Stoics call it “Inner Citadel” [NFW: Good title], the fortress within us that nothing from the outside can perturb. It’s not there from the beginning, we have to build it and reinforce it constantly.

Use a “premortem” to anticipate failure, e.g. in a given project and then run through what that would mean and how it could be fixed. Many things fail for preventable reasons, and often we also have no backup plans and get caught off guard by failure, because they never imagines their perfect plan could fail.

[q] “If you’re not humble, life will visit humbleness upon you.”
- Mike Tyson

Stoic term: premeditatio malorum (premeditation of evils)

Sometimes the only answer will be “It will suck but we’ll be okay”

[bq] “Prepared for failure, ready for success.”

Stoics: Art of Acquiescence: If something is outside of your control, there is no point worrying about it. Just accept it and move on.

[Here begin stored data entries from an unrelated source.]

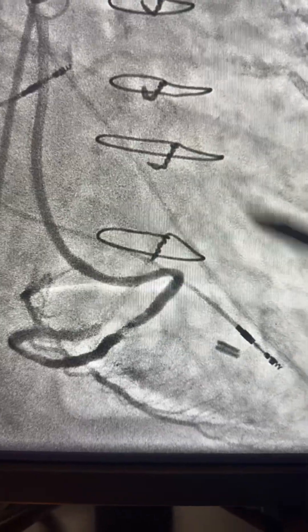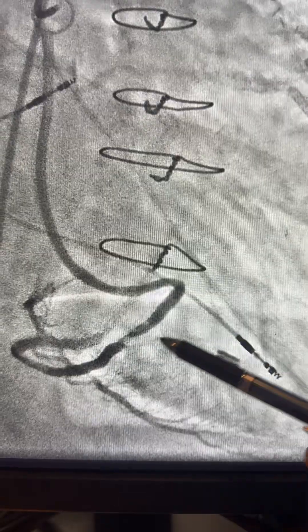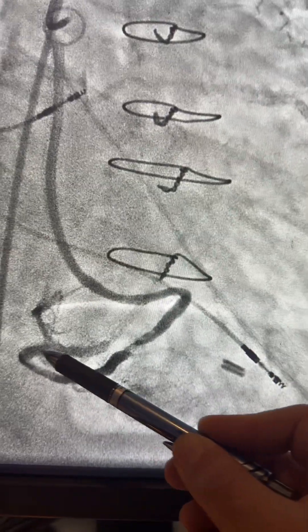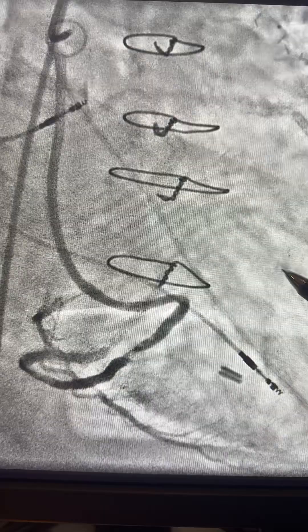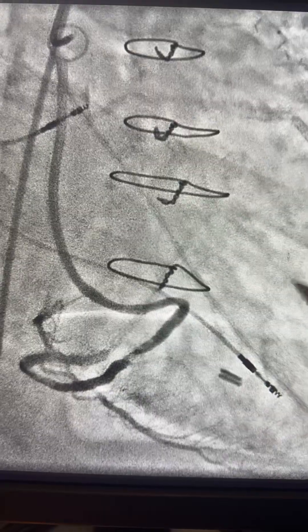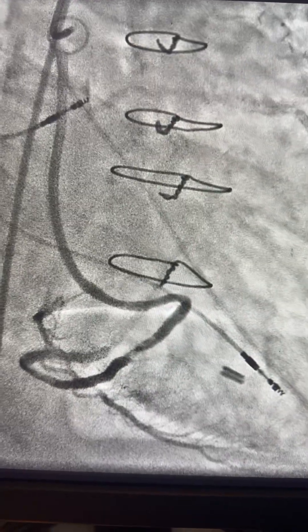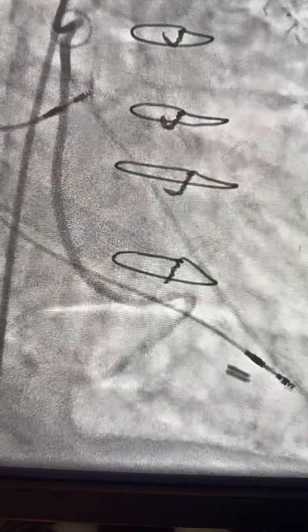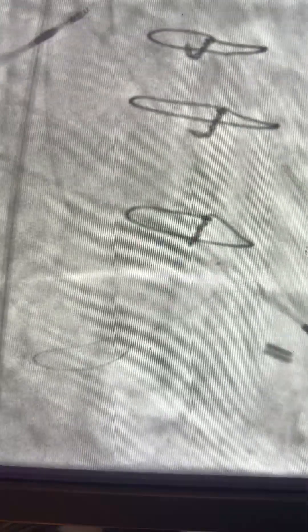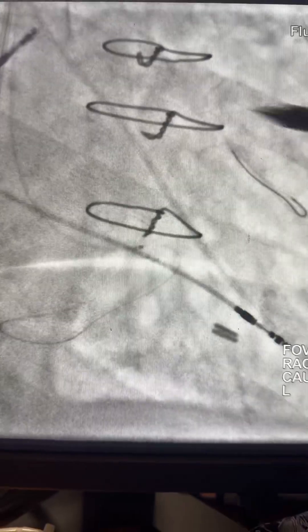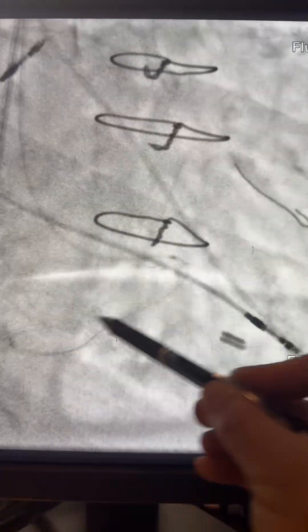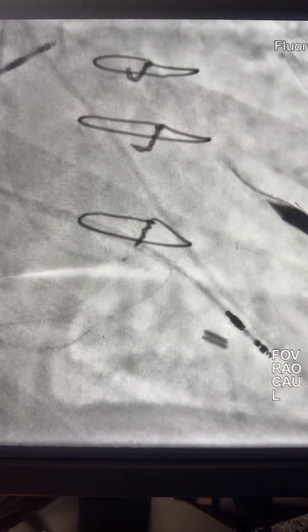We're going to use a long run-through wire and pass all this tortuosity toward the OM. Here is the wire and the Proxis LP catheter — you can see the wire making all these curves up to the OM.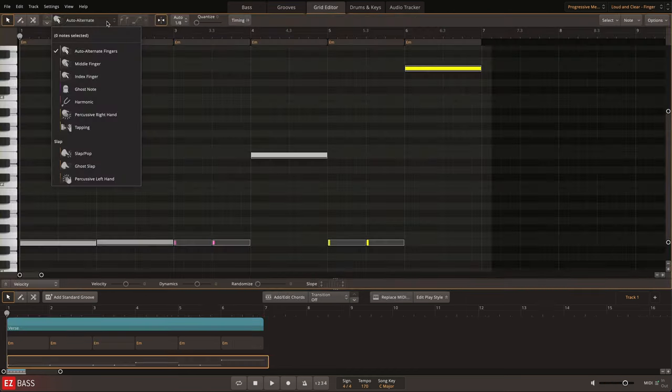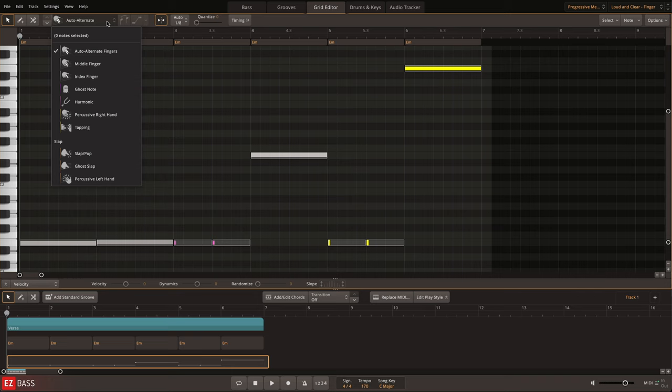The Progressive Metal EBX includes the finger articulations: auto-alternate, index, middle, ghost note, harmonic, percussive right hand, and tapping.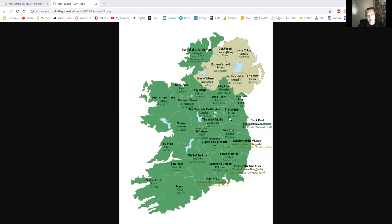Here we have Meath — An Mhí — which just means the middle, though it isn't actually in the middle. Then Dublin — Dubhlinn — which is Blackpool. I was always told growing up that there is literally a black pool under the penguin enclosure in Dublin Zoo in the Phoenix Park. Dublin is also known as Baile Átha Cliath, which is the Hurdled Fort — Baile is a town, Áth is a ford, and Cliath is the hurdled.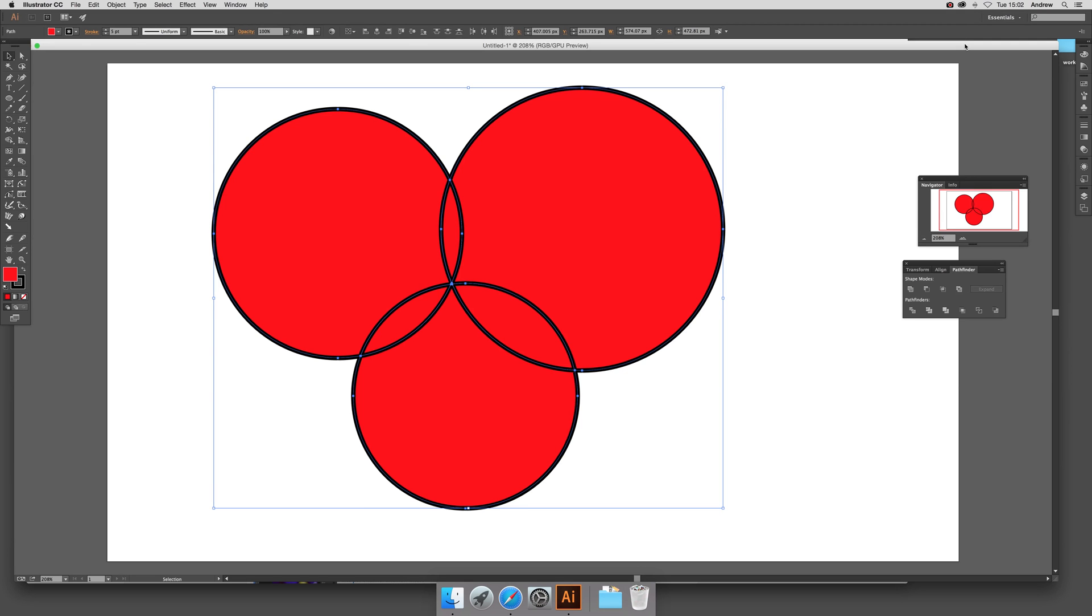In this tutorial I'm just going to quickly show you the new addition to the Shape Builder. Now it's quite a nice little tool, Shape Builder, if you want to actually combine multiple shapes.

This is not giving up! It’s focusing on things we can actually influence and not be distracted by useless anger or fear or trying to change the unchangeable.

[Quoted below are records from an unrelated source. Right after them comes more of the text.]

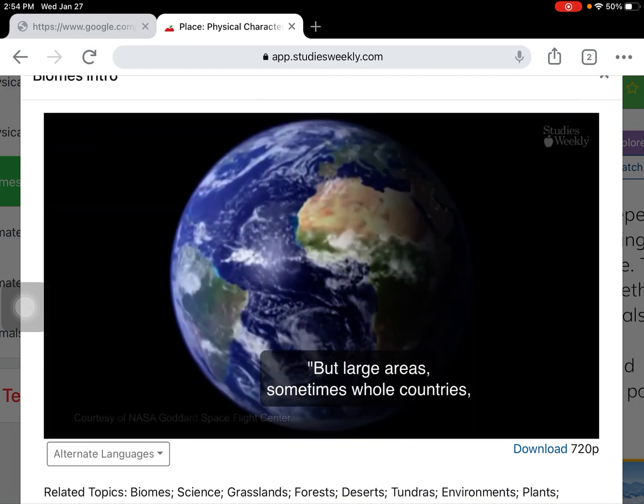Rainforest biomes are home to thousands of plants and animals. Some rainforests are hot and humid, while others are cool and wet. Tundra biomes are found around the North Pole. Tundra plants are small, and tundra animals have thick fur, and many hibernate during the winter.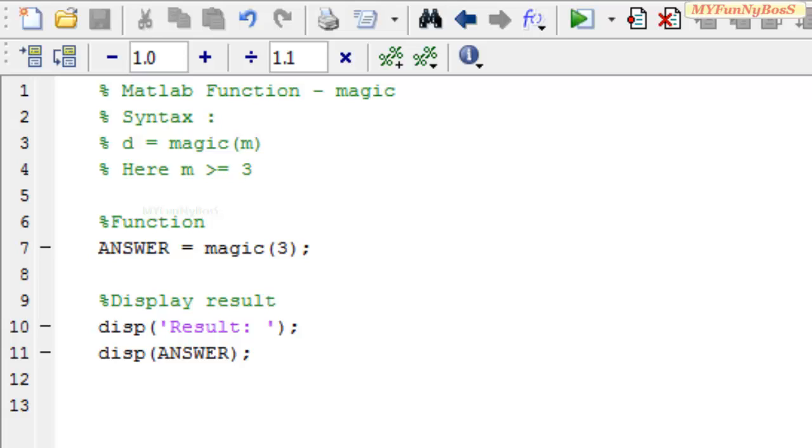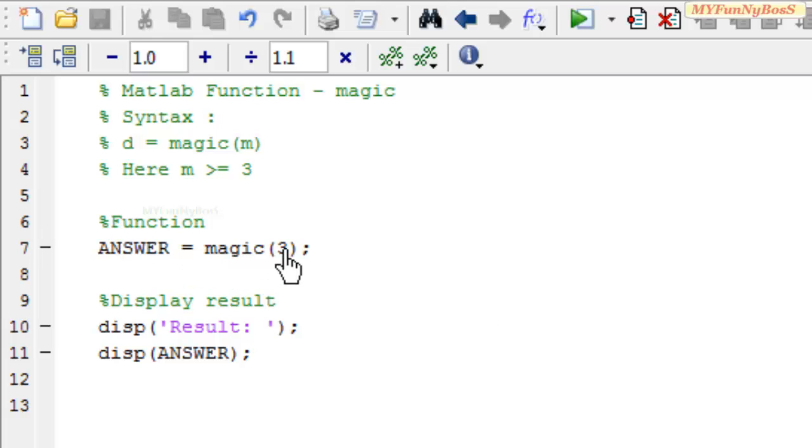The specialty of the resulting matrix obtained using the function magic, or the magic square, is that the sum of columns and rows are equal. Let us consider this example where I have used m = 3.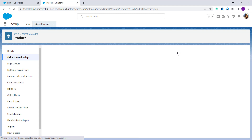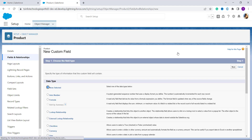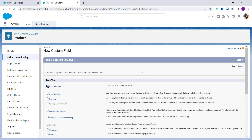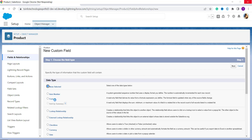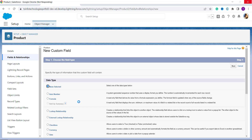Clicking New redirects you to a page that asks you to choose the field type. Since we are going to add a number of days to a date, this is a formula-based operation, so you need to select Formula as the field type. I am selecting the radio button next to Formula.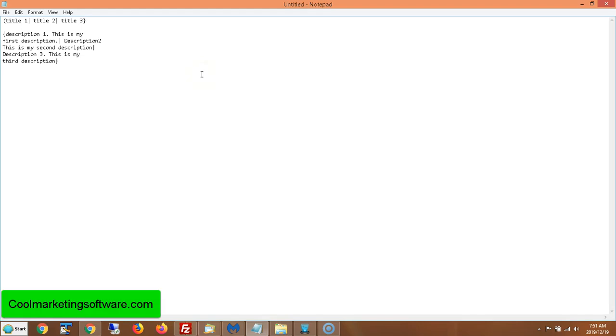Hi, this is Matthew May with CoolMarketingSoftware.com and in this video, I'm going to show you how to use Spintax.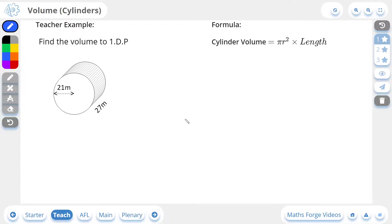Hi, this is Jack from MathsForge and in today's lesson we're going to be doing volumes of cylinders. So let's take a look at our first example.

[q] “My formula for greatness in a human being is amor fati: that one wants nothing to be different, not forward, not backward, not in all eternity. Not merely bear what is necessary, still less conceal it… but love it!”
- Friedrich Nietzsche

Edisons reaction when a blaze was destroying his research facilities: To his son: “Go get your mother and call her friends. They’ll never see a fire like this one again.” Calms his son. “It’s all right, We’ve just got rid of a lot of rubbish.”

Perfect response. Weeping or being angry wouldn’t have accomplished anything.

Face even disaster with cheerfulness.

[NFW: From the outside laughing or being cheerful in the face of disaster might be seen as crazy, but if you think about it objectively, what better response could there be? Panic or anger won’t avoid the disaster. Cheerfulness is forward looking, preparing for action with a positive spirit.]

Beyond persistence, which concerns single problems, we also need perseverance! The long game.

[bq] “Persistance is an action. Perseverance is a matter of will. One is energy, The other, endurance."

Should think beyond ourselves. In a bad situation which we can’t improve, should at least ask how we can use it for the benefit of others.

Memento Mori! Forget how short and fragile our life is. But awareness of death can be incredible motivator and puts things into perspective. Helps not to obsess over trivialities and treat our time as a gift.

Death is most universal of obstacles. Can still use if for the good.

More accomplishments —> More obstacles. But our perception changes, and obstacles become easier, even enjoyable.

[bq] “Excited, cheerful, and eagerly anticipating the next round.”

Latin saying: Vires acquisit eundo. “We gather strength as we go."